- _Aim of the exercise_:
Any picture in the range stays out of the copy; retype exactly the lines from the one with "Woman travelling by" to the end of the listing.
***** Data below
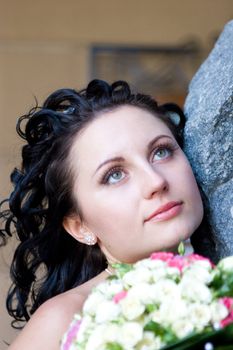 a girl by the stone wall looking up with the bouquet of flowers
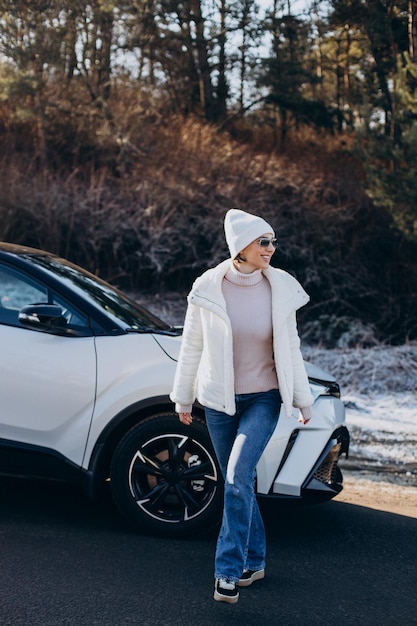 Woman travelling by car stopped by on the road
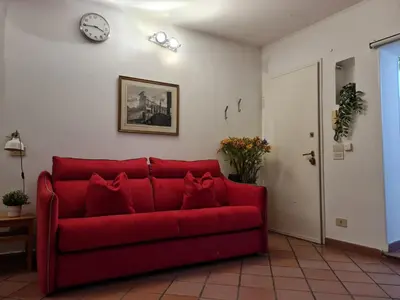 a bedroom with a bed and a red chair at Frangipane Apartment in Rome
**********
- _Output of the exercise_:
 Woman travelling by car stopped by on the road
 a bedroom with a bed and a red chair at Frangipane Apartment in Rome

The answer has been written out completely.